Apache Cassandra 1.1 Documentation

Expanding a Cassandra AMI cluster

This document corresponds to an earlier product version. Make sure you are using the version that corresponds to your version.

Latest Cassandra documentation | Earlier Cassandra documentation

This section contains instructions for expanding a cluster that uses the DataStax Community Edition AMI (Amazon Machine Image) prior to Cassandra 1.2. If your AMI uses Cassandra 1.2, see the 1.2 instructions.

As a best practice when expanding a cluster, DataStax recommends doubling the size of the cluster size with each expansion. You should calculate the node number and token for each node based on the final ring size. For example, suppose that you ultimately want a 12 node cluster, starting with three node cluster. The initial three nodes are 0, 4, and 8. For the first expansion, you double the number of nodes to six by adding nodes, 2, 6, and 10. For the final expansion, you add six more nodes: 1, 3, 5, 7, 9, and 11. Using the tokengentool, calculate tokens for 12 nodes and enter the corresponding values in the initial_token property in the cassandra.yaml file. For more information, see Adding Capacity to an Existing Cluster.

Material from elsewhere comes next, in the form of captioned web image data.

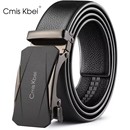 腰带男士 真皮质感自动扣头休闲仿牛皮裤 Kbei男商务皮带男款 Cmis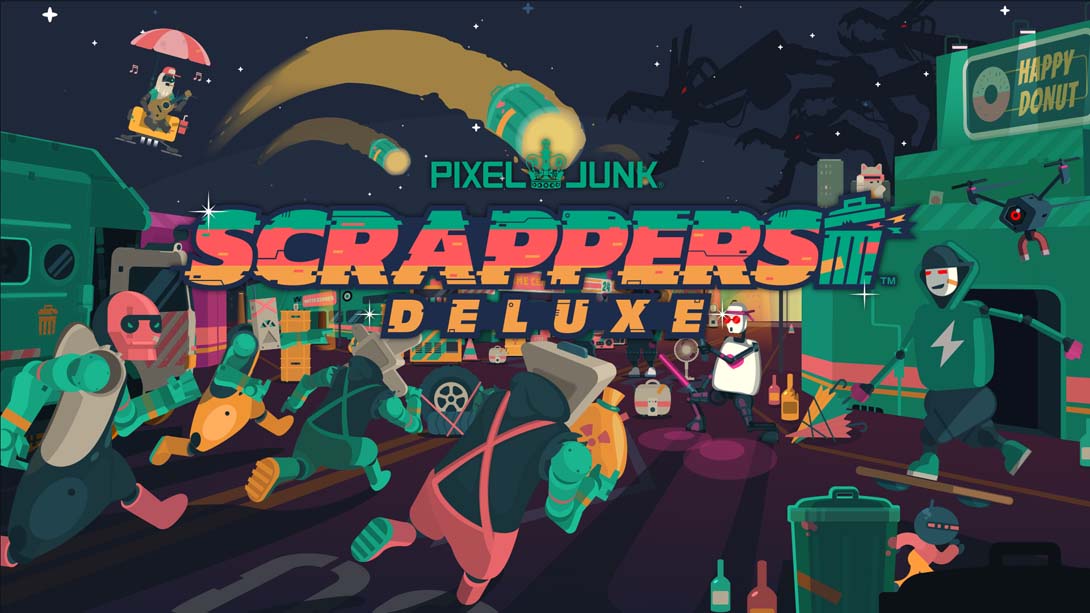 像素垃圾 回收者 .PixelJunk Scrappers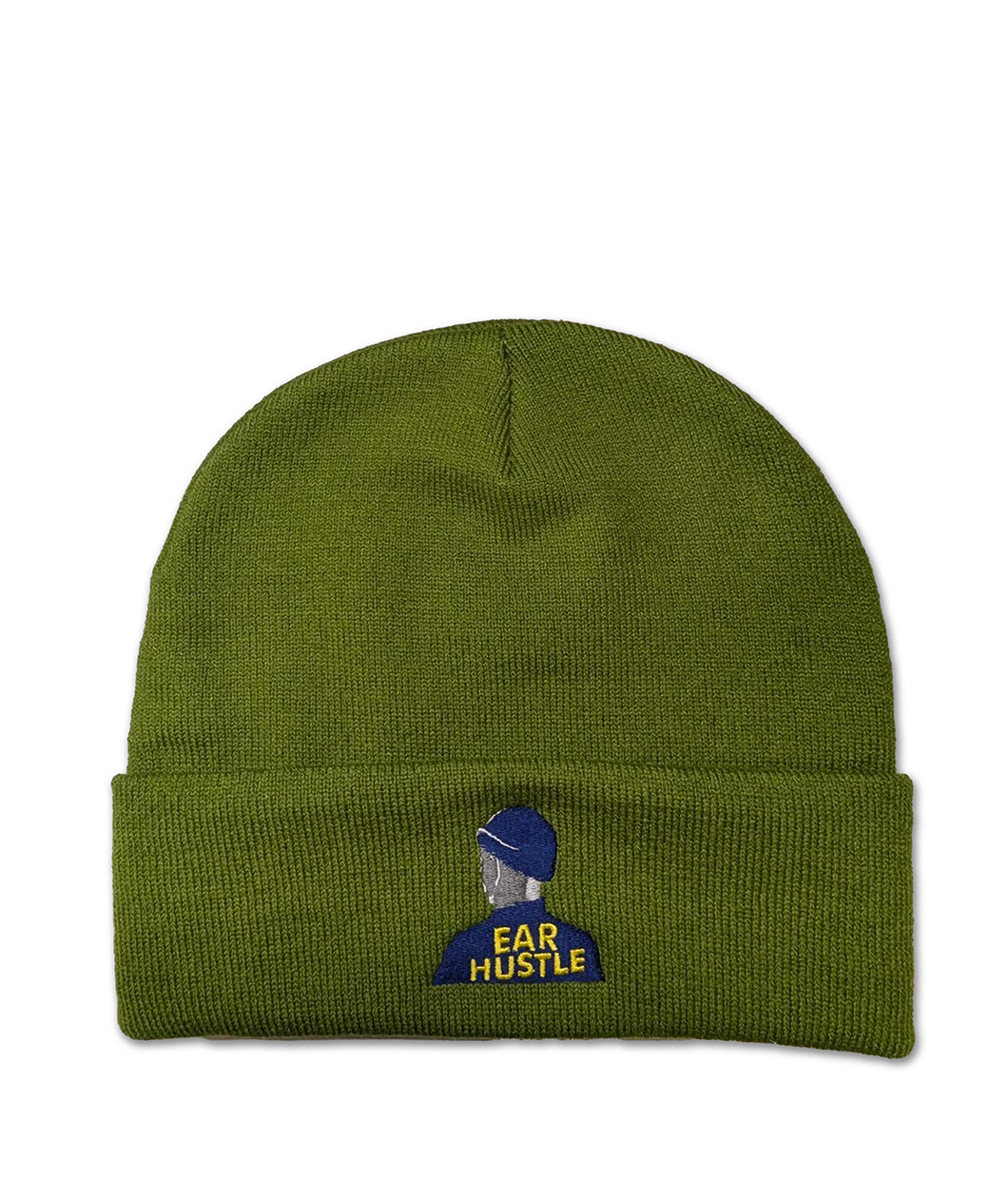 Ear Hustle Cuffed Beanie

Steps to expand a Cassandra AMI cluster

  1. In the AWS Management Console, create the number of nodes you need in another cluster with a temporary name. See Installing a Cassandra Cluster on Amazon EC2.

    The temporary name prevents the new nodes from joining the cluster with the wrong tokens.

  2. After the nodes are initialized, login to each node and stop the service:

    sudo service cassandra stop
    
  3. Clear the data in each node:

    1. Check the cassandra.yaml for the location of the data directories:

      data_file_directories:
         - /raid0/cassandra/data
      
    2. Remove the data directories:

      sudo rm -rf /raid0/cassandra/*
      

    You must clear the data because new nodes have existing data from the initial start with the temporary cluster name and token.

  4. For each node, change the /etc/dse/cassandra/cassandra.yaml settings to match the cluster_name and - seeds list of the other cluster. For example:

    cluster_name: 'NameOfExistingCluster'
    ...
    initial_token: 28356863910078205288614550619314017621
    ...
    seed_provider:
        - class_name: org.apache.cassandra.locator.SimpleSeedProvider
          parameters:
              - seeds: "110.82.155.0,110.82.155.3"
    
  5. Assign the correct initital_token to each node; it determines the node's placement within the ring.

  6. If adding nodes to an existing data center:

    1. Set auto_bootstrap: true. (If auto_bootstrap is not in the cassandra.yaml file, it automatically defaults to true.)
    2. Go to step 8.
  7. If adding nodes to a new data center:

    1. Set auto_bootstrap: false.

    2. After all new nodes have joined the ring, do either of the following:

      • Run a rolling nodetool repair on all new nodes in the cluster.
      • Run a rolling nodetool repair -pr on all nodes in the cluster.

      For example:

      $ nodetool repair -h 10.46.123.12 keyspace_name -pr
      
  8. Start each node in two minute intervals:

    $ sudo service cassandra start
    
  9. Verify that each node has finished joining the ring:

    nodetool -h <hostname> ring
    

    ../../_images/auto_bootstrap_finished.png

    Each node should show Up not Joining.